“Life is a lottery and a lot of people lose but the winners, the grinners with money colour eyes eat all the nuggets and order extra fries” – Paul Simon, The Werewolf
Lawyers who think their clients have ticked the ADR process box by saying their clients have tried ADR in their own negotiations without a mediator just don’t get it.
Unless you are in the arms business or a litigation lawyer being paid by a client on the hours you spend, conflict is as unprofitable as it is woeful, and it costs us all dearly. So how do you avoid it? In short, it pays to invest in mediation and other alternative dispute resolution processes, so life becomes that much less of a lottery.
Litigation exists in order to provide access to justice. Justice in our jurisdiction is traditionally somewhere on the spectrum between wholly inadequate at one end and frighteningly zero tolerance at the other. So how badly do you need it? Most people don’t; they can resolve disputes by discussion.
Recent efforts to deter parties from going to court have prompted an increase in court fees.
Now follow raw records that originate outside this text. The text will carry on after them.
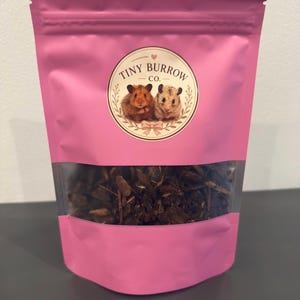 Puede incluir: Una bolsa rosa con cierre y una ventana transparente en la parte inferior que contiene virutas de madera de color marrón oscuro. La etiqueta presenta un logotipo circular con dos hámsteres y el texto Tiny Burrow Co. sobre la ventana.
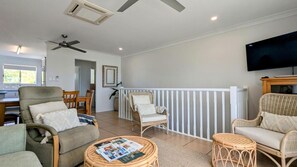 A spacious living area with wicker furniture, a television, and a balcony with a white railing. - Beautifully renovated pet friendly home in tropical gardens with stunning beachfront views (Horseshoe Bay)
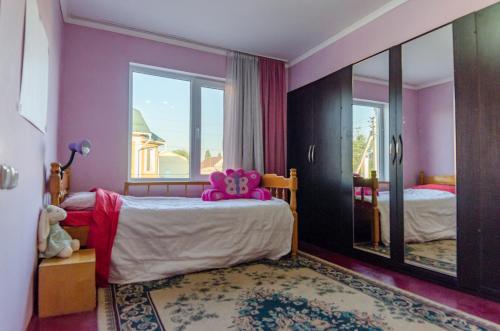 a bedroom with a bed with a teddy bear on it at ilim-mahabat in Bishkek
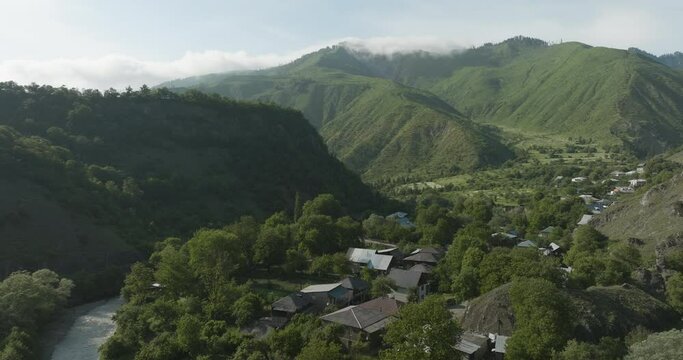 Tranquil Small Town In Towering Lush Forest Mountains In Daba, Region Of Samtskhe-Javakheti, Georgia. Aerial Wide Shot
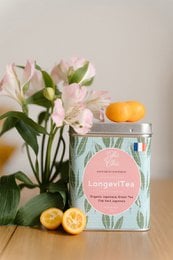 Organic green tea in a floral-patterned box. The tea leaves are displayed in a ceramic flower-shaped container, showcasing the natural, high-quality product.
In an effort to counter-balance this, new proposals for cases up to £25,000 will see parties able to get legal advice direct from the court.
Lawyers are still the go-to profession to establish legal rights. The side effect of that is they have become the gatekeepers of dispute resolution. But once you know your legal rights, arguably their job is done. If they can’t add value by being experts at all stages of the dispute resolution processes, they can’t offer their clients a clear time and cost benefit alternative. In such a situation, the client might be better approaching a mediator directly.
Understanding alternative dispute resolutions processes has the potential to save clients billions of pounds. If you can get a deal between yourselves, fine, but if you fail, don’t make the mistake of thinking that, because you’ve failed in a negotiation, mediation is not for you. Instead, make sure you speak to a lawyer who has actually followed a mediator at work and ask for his or her view of what difference they might make. What they will tell you is that there was an impasse and so they couldn’t talk any more, but the mediator, who is trained to overcome log-jams, enables the possibility of satisfactory resolution by giving all parties concerned the ability to consider the problem from a completely different angle.